In 1900, he objected, along with his counterpart Hans von Koester, commander of the Second Division (Baltic Sea Naval Station) in Kiel, to the poor preparation and staffing of the German Imperial Admiralty Staff under Otto von Diederichs. Again like Koester, he opposed the use of resources as Diederichs proposed for a major increase in the size of the Admiralty Staff, the creation of a separate intelligence section, and, especially, the removal of the Naval War College (Marineacademie) to Berlin.

He supported the activities of the German Navy League (Flottenverein) to build public support for building and paying for a large navy, and was its second-vice president in 1906.
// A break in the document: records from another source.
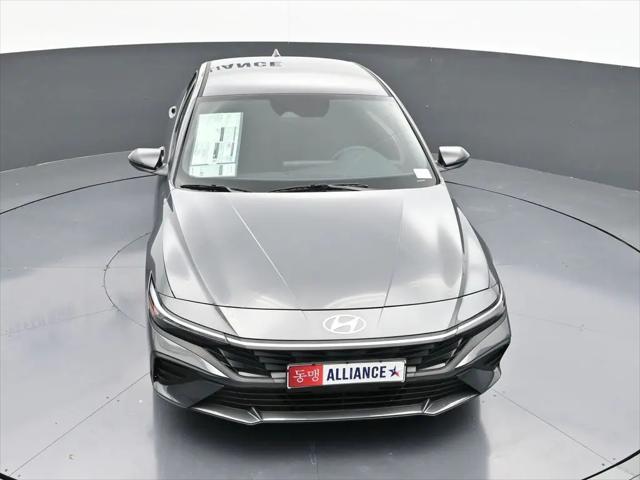 2025 Hyundai Elantra Hybrid SEL Sport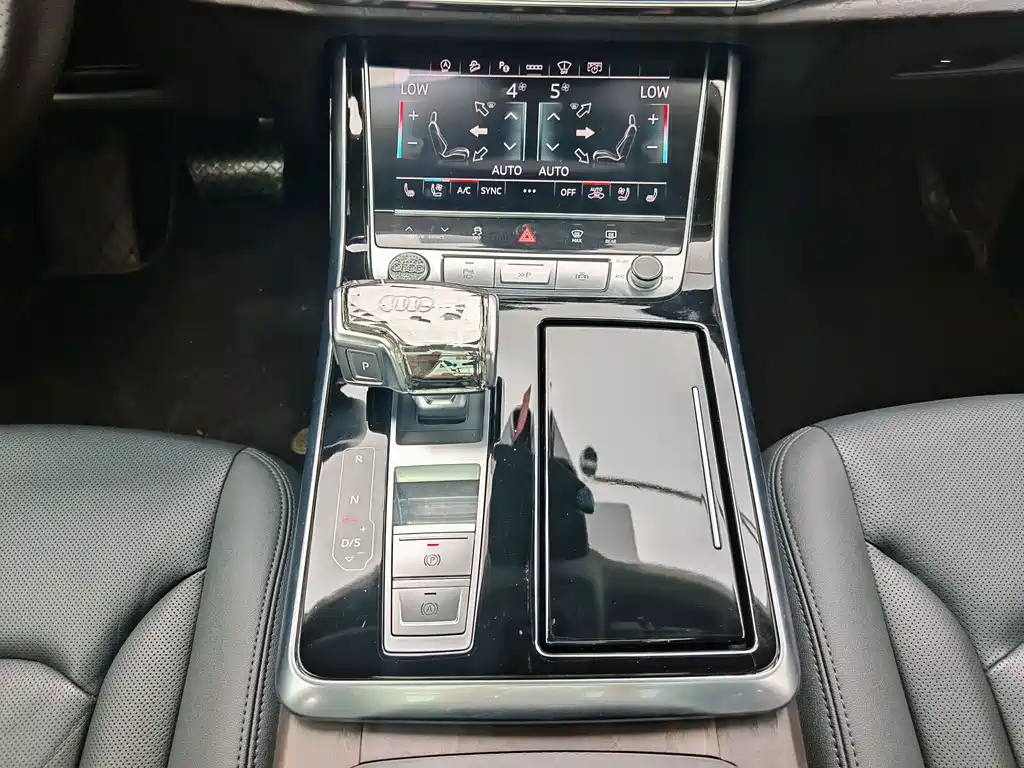 Audi Q8 2021 — фото 11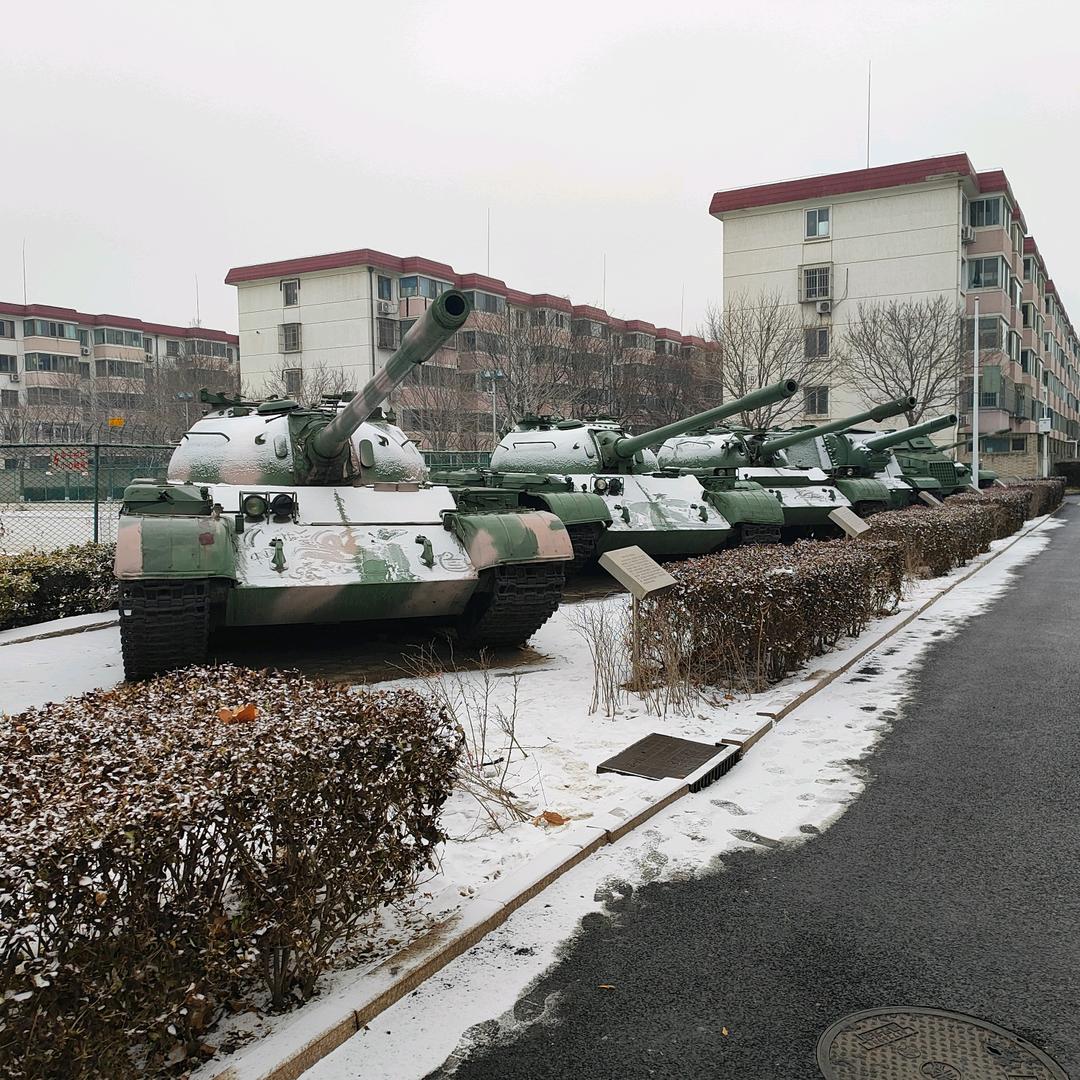 坦克一校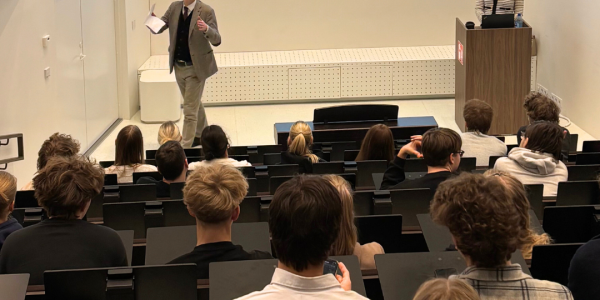 Kreeka suursaadiku külalisloeng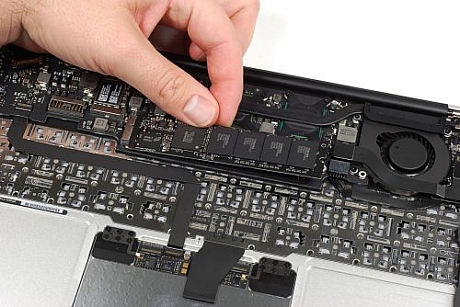 　新型MacBook Airはフラッシュストレージのみを使用している。分解したテストユニットの容量は64Gバイト。このストレージユニットは、T5トルクスねじ1本で固定されている。このねじを取り外すと、ストレージユニットをメインロジックボードから取り外すことができる。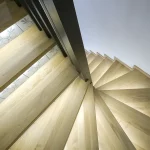 Holztreppen aus Polen, Eiche, LED licht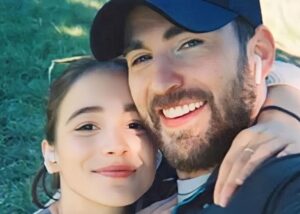 Кріс Еванс і Альба Баптіста вперше стали батьками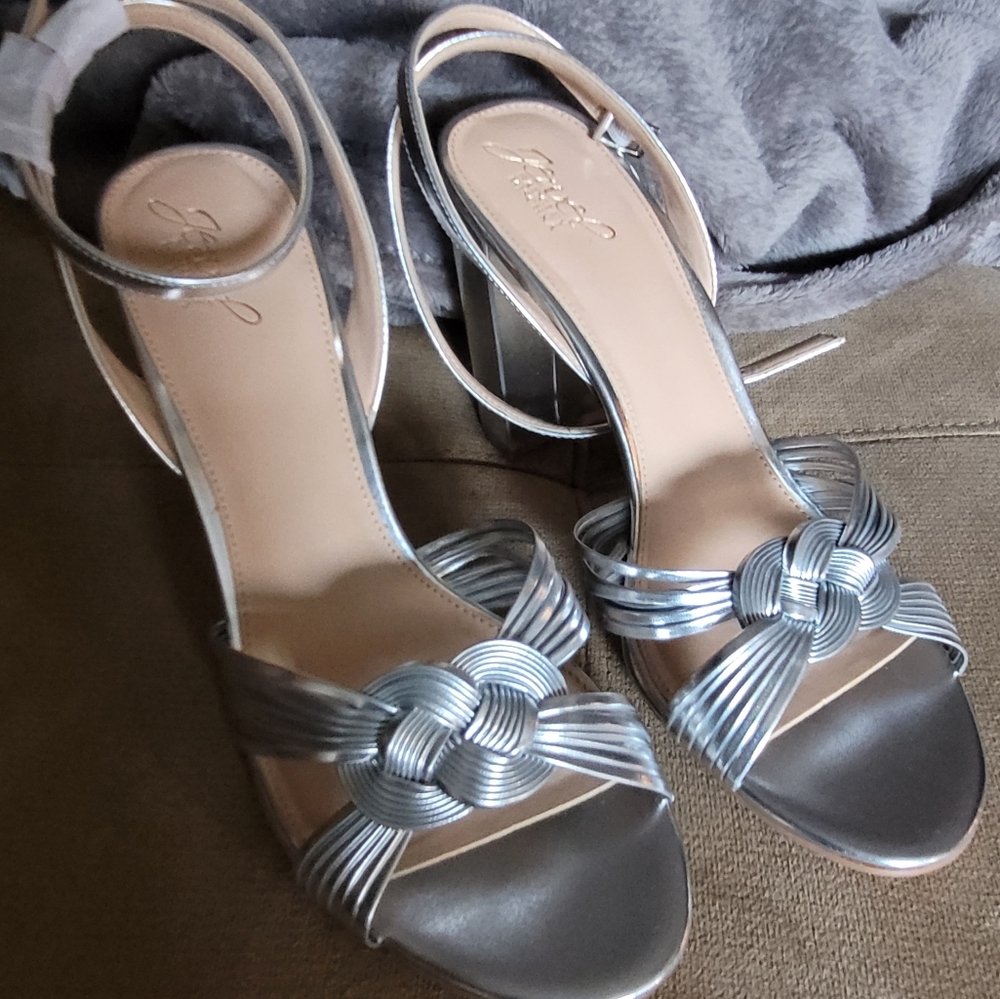 Badgley Mischka Sandals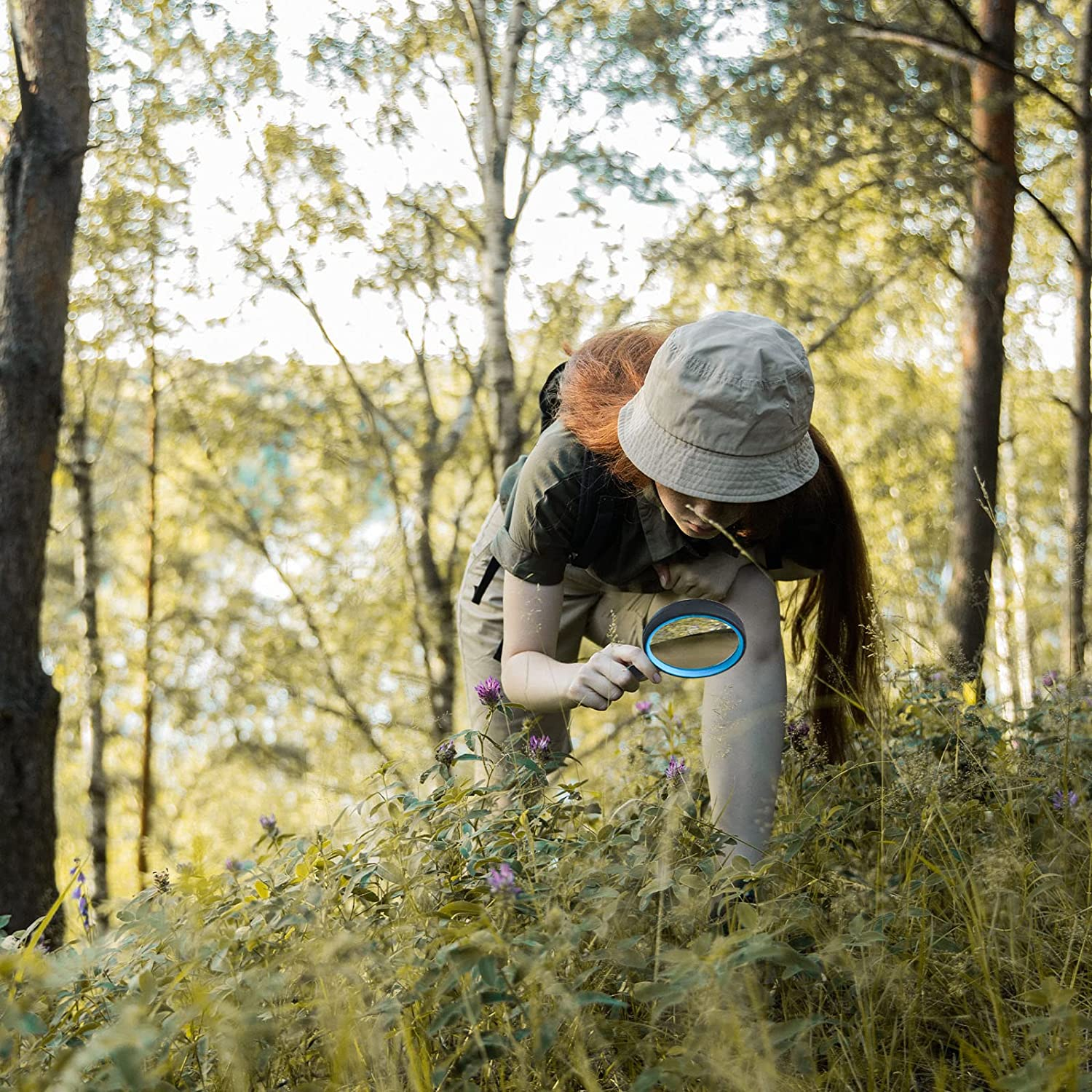 10X Magnifying Glass, Handheld Magnifier, HD 75Mm round Magnifying Lens, Reading Magnifier with Non Slip Handle, Shatter Proof Magnify Glass for Reading Observing (1Pcs) image number 6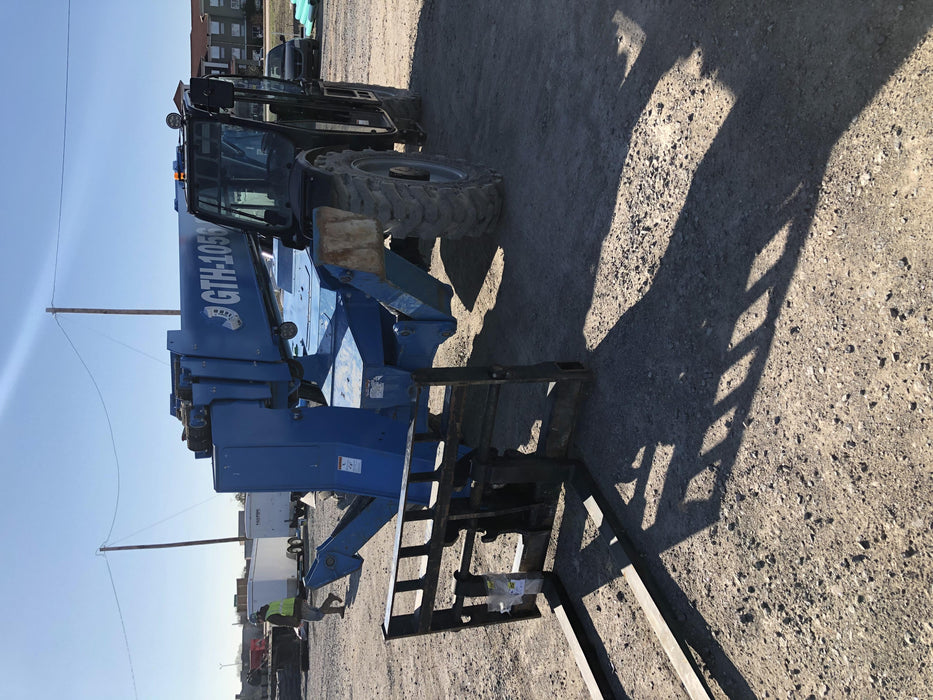 2019 Genie GTH-1056 Cab/Heat/AC, FF Tires, LED Work Lights, Beacon 60" QA Carriage, 60" Forks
During World War I he came to oppose the "soft" policy of Chancellor Theobald von Bethmann Hollweg toward Britain and came to support a resumption of unrestricted submarine warfare against Britain. On 30 July 1916 he spoke along these lines at a meeting in Munich.

He was honored in 1916 by being raised to the Prussian nobility (knighted), and in 1918 an auxiliary patrol ship (215 ton Trawler FV) built by Unterweser in Bremerhaven was named Admiral von Thomsen in his honor.

August von Thomsen spent his last years in Kiel in his house 'Villa Barbara', named after Saint Barbara, the patroness of artillerymen. He died there 26 September 1920, having seen his beloved fleet destroyed at Scapa Flow.

==Works==
- Die deutsche Flotte: eine Plauderei, etc. by August von Thomsen (Unknown Binding - 1917)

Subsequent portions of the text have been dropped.